→ GIVEN ENTRIES:
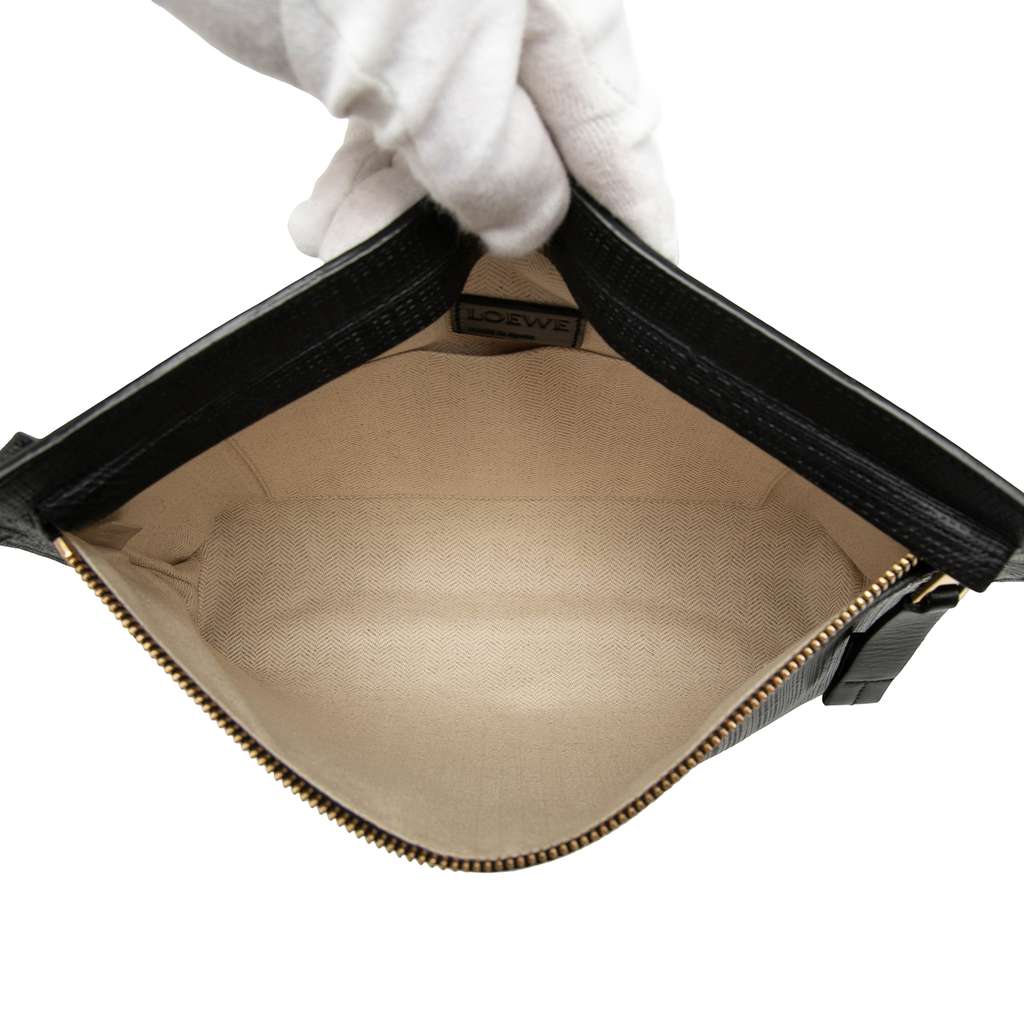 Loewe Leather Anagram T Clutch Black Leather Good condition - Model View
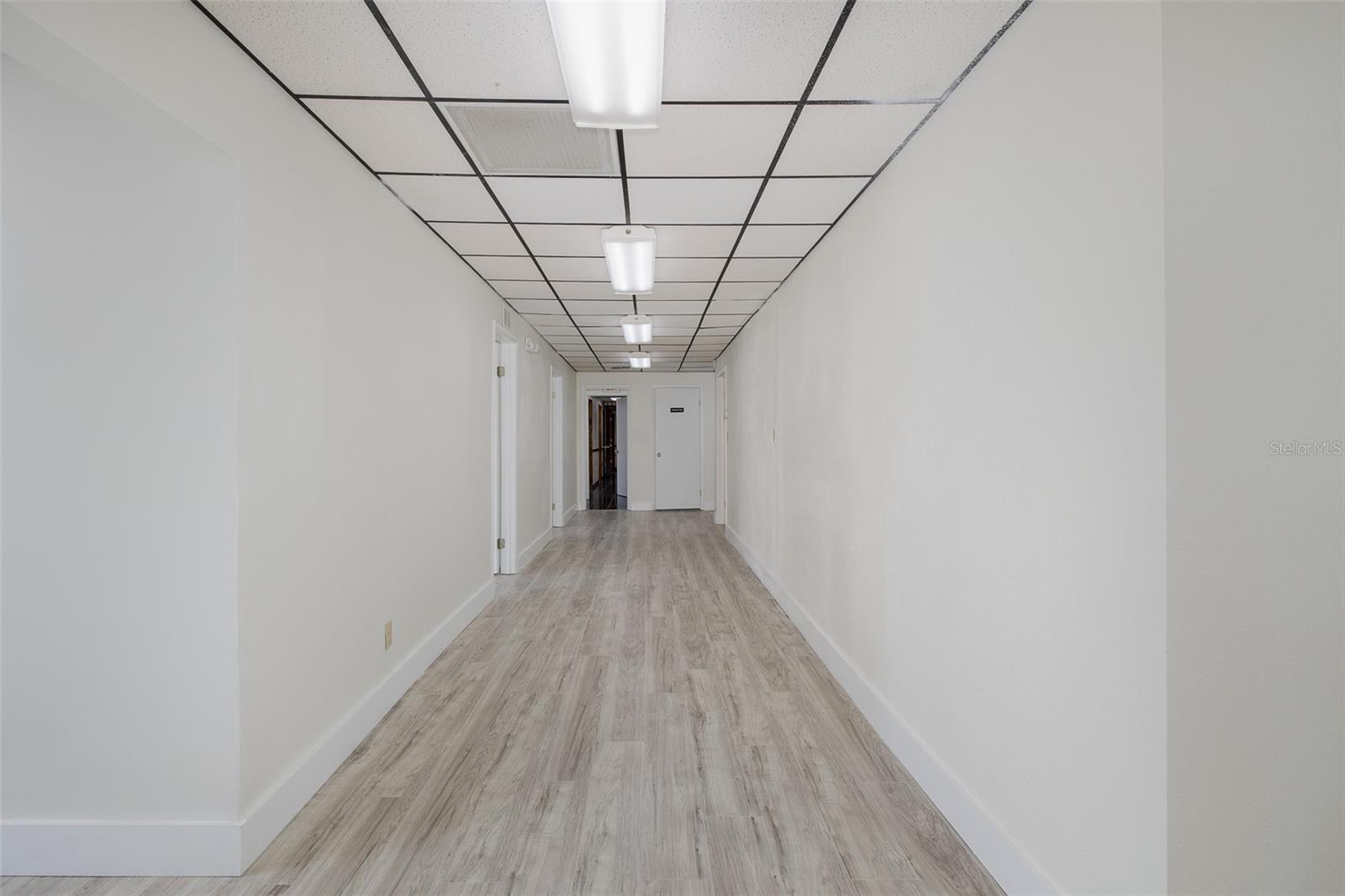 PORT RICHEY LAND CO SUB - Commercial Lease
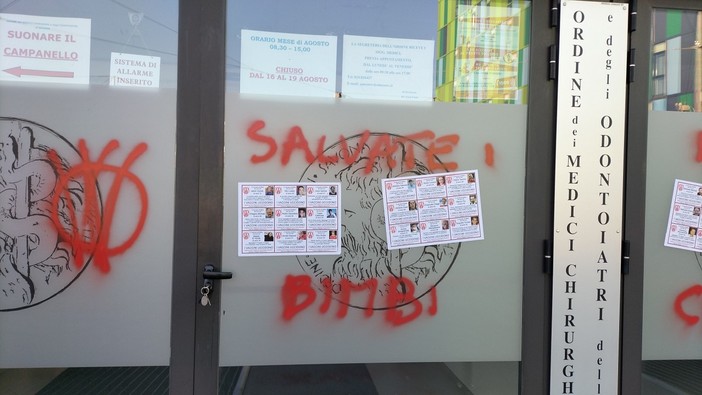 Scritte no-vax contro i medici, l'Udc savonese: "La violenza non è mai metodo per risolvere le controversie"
==
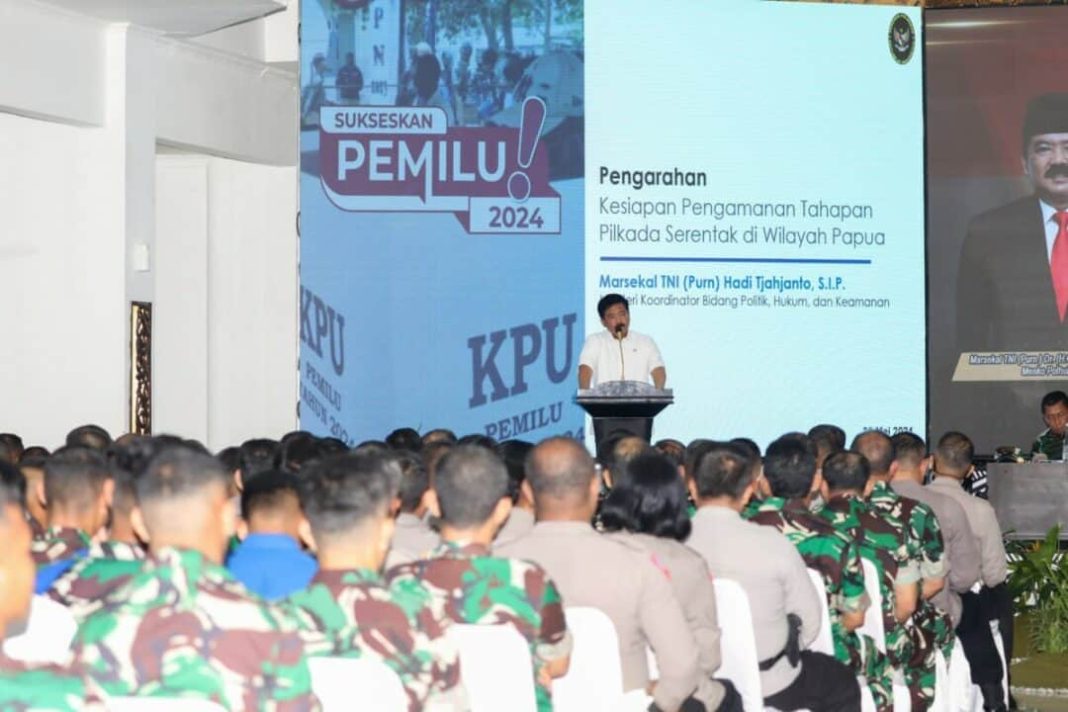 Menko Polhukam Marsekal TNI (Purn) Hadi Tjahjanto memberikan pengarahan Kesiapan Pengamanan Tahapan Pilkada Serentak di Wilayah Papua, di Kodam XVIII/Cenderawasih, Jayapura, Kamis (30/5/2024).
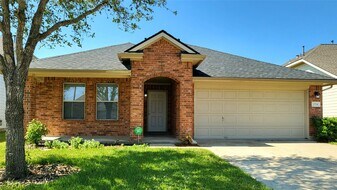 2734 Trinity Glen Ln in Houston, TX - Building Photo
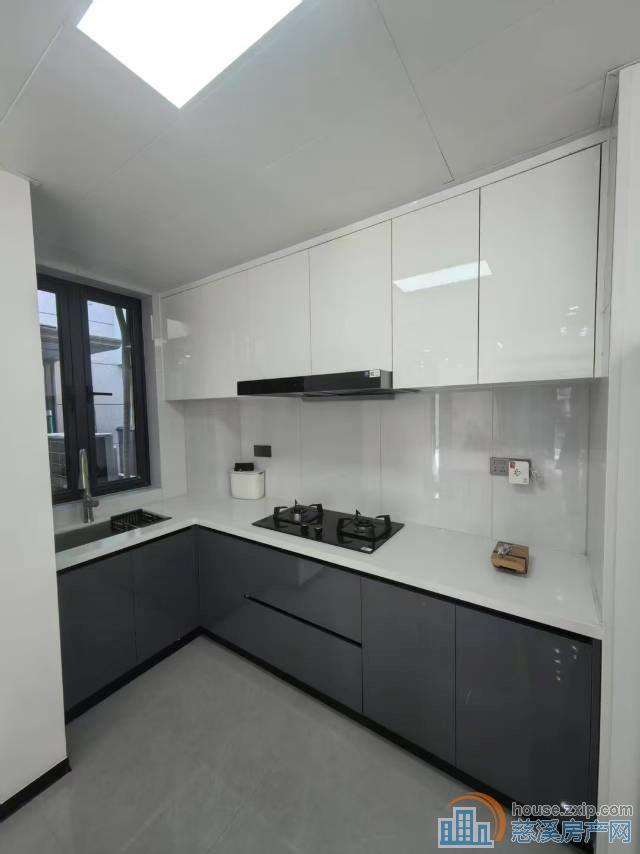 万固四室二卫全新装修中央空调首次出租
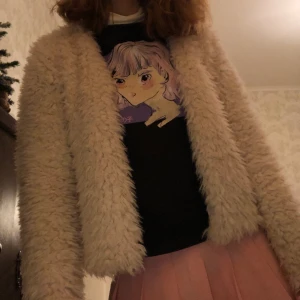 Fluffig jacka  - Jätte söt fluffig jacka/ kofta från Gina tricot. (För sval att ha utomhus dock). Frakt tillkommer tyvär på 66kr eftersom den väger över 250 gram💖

→ WHAT YOU ARE ASKED TO DO: Give again the stretch of the entries above that begins at the line with "Loewe Leather Anagram" and ends at the line with "Scritte no-vax contro", word for word, with no pictures.

→ EXERCISE SOLUTION:
 Loewe Leather Anagram T Clutch Black Leather Good condition - Model View
 PORT RICHEY LAND CO SUB - Commercial Lease
 Scritte no-vax contro i medici, l'Udc savonese: "La violenza non è mai metodo per risolvere le controversie"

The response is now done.